# International Anabolics



## JEFFG12 (Jun 4, 2015)

I ordered TBOL50  paid $250.00. From International Anabolics.

They sent me TBOL10. Like I wouldn't notice ?

The product ships from Asia. You pay with Moneygram so they got my money.


----------



## Tren4Life (Jun 4, 2015)

Nice first post scumbag


----------



## Paolos (Jun 4, 2015)

Got burned but you asked for it buying drugs on-line


----------



## JEFFG12 (Jun 4, 2015)

they advertise here.


----------



## Infantry87 (Jun 4, 2015)

JEFFG12 said:


> they advertise here.



Dude we don't advertise gear here.


----------



## JEFFG12 (Jun 4, 2015)

search international anabolics


----------



## TriniJuice (Jun 4, 2015)

JEFFG12 said:


> search international anabolics



How about not....


----------



## Infantry87 (Jun 4, 2015)

JEFFG12 said:


> search international anabolics



Just because some random dick sucker came on the forum and said "hi I'm international anabolics buy my shit" doesn't mean he's a sponsor.... Fukkin people these days.


----------



## JEFFG12 (Jun 4, 2015)

Your scumbag forum is where I found them. dick !

08-04-2014, 01:15 AM #1
Inter Anabolics  Inter Anabolics is offline

Join Date
Jul 2014
Posts
1
Thanks
0
Thanked 0 Times in 0 Posts
Introducing International Anabolics
International Anabolics is a manufacturer and distributor of original line of British Dragon anabolic steroids and Growth hormones, the Highest Quality and 100% Genuine. 

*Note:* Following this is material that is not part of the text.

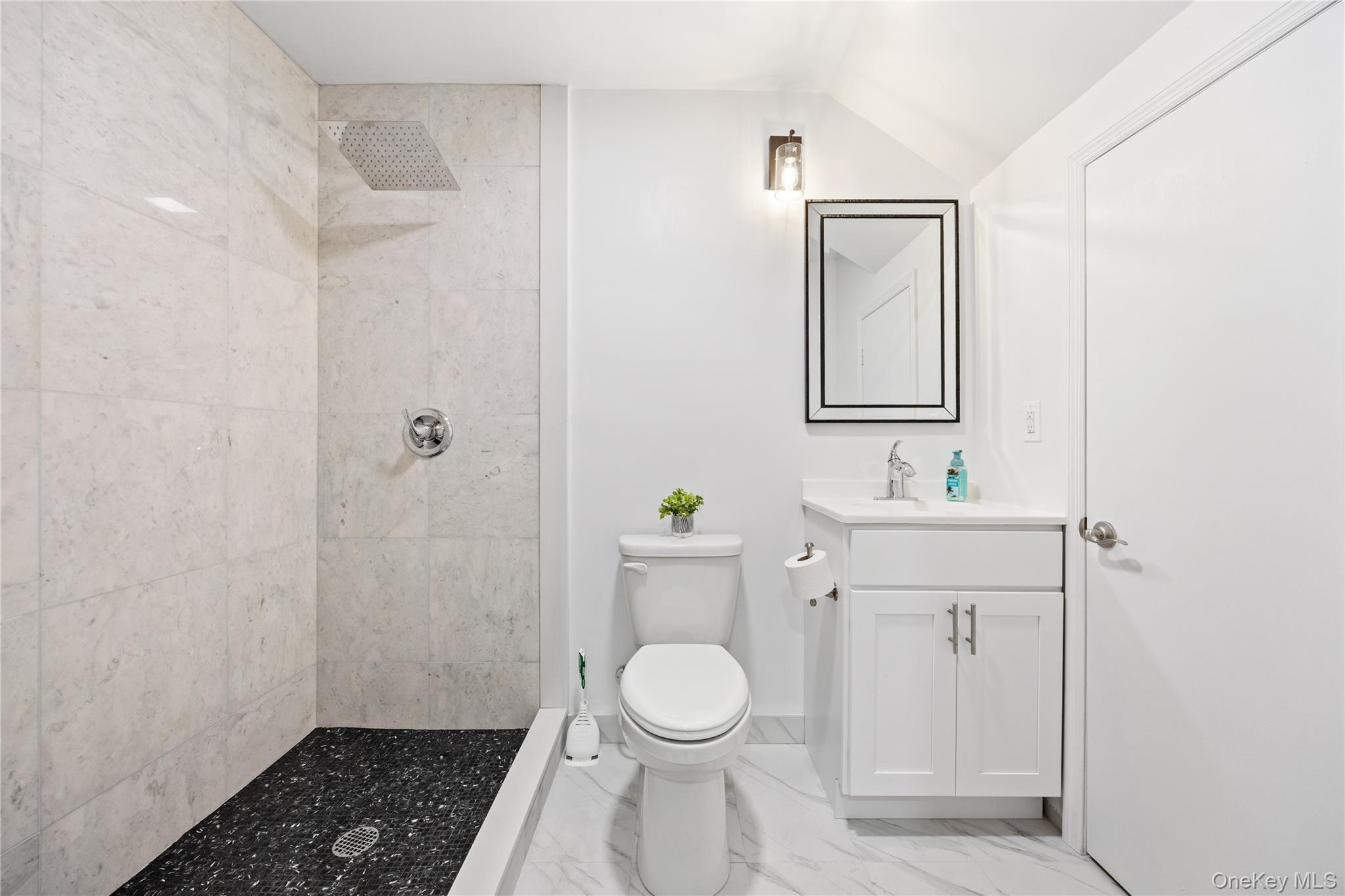 23 Cooley Road Parksville, NY 12768 - Photo 31 of 43 a bathroom with a toilet a sink and mirror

Check out their Facebook page, Anabo...nt-Supplements Their manufacturing Headquaters has the most up to date, state of the art, research and development facilities which are dedicated to the design and the production of new formulations and, of course the continuous improvement of their existing product range. 

Their world class manufacturing facilty is closely monitored by an outstanding and trustworthy quality assurance department which works to the European Standard (EN) ISO 14644 series using clean room environments and Technology, and the EN ISO 14698 series on biocontamination control.As a high volume manufacturing facility it also offers it’s products to global distributors and volume retailers, aswell as for individuals who are looking to buy Anabolic Steroids for their personal use.


----------



## Pinkbear (Jun 4, 2015)

JEFFG12 said:


> Your scumbag forum is where I found them. dick !
> 
> 08-04-2014, 01:15 AM #1
> Inter Anabolics  Inter Anabolics is offline
> ...



Lol you got scammed

Mad bro?


----------



## DocDePanda187123 (Jun 4, 2015)

JEFFG12 said:


> they advertise here.



Anyone is free to post in the underground section, labs included. That does not mean they are official advertisers or sponsors of the forum nor does that mean the forum endorses them. If you had read the rules when you signed up this much would have been obvious to you. The fault is no one's but your own.  Live and learn.


----------



## AlphaD (Jun 4, 2015)

JEFFG12 said:


> Your scumbag forum is where I found them. dick !
> 
> 08-04-2014, 01:15 AM #1
> Inter Anabolics  Inter Anabolics is offline
> ...




So you come into our home and call one of our long standing members a scum bag.  Listen douche go find another fukn place to argue you dumb ass dilemma.


----------



## DocDePanda187123 (Jun 4, 2015)

Also forgot to add:

You found their thread in our underground section but you didn't see the 30+ comments saying they were shit/bunk/laugh in at them/etc?



JEFFG12 said:


> Your scumbag forum is where I found them. dick !
> 
> 08-04-2014, 01:15 AM #1
> Inter Anabolics  Inter Anabolics is offline
> ...


----------



## StoliFTW (Jun 4, 2015)

Idiot is idiot


----------



## stonetag (Jun 4, 2015)

Scumbag forum? Be thankful this is the.fuking Internet fuk stick.


----------



## PillarofBalance (Jun 4, 2015)

JEFFG12 said:


> Your scumbag forum is where I found them. dick !
> 
> 08-04-2014, 01:15 AM #1
> Inter Anabolics  Inter Anabolics is offline
> ...


That's not an ad you Fvcking moron. We don't have anabolics on banners around here do we?  It's called a post. Just like this one you have made and DIDN'T PAY FOR.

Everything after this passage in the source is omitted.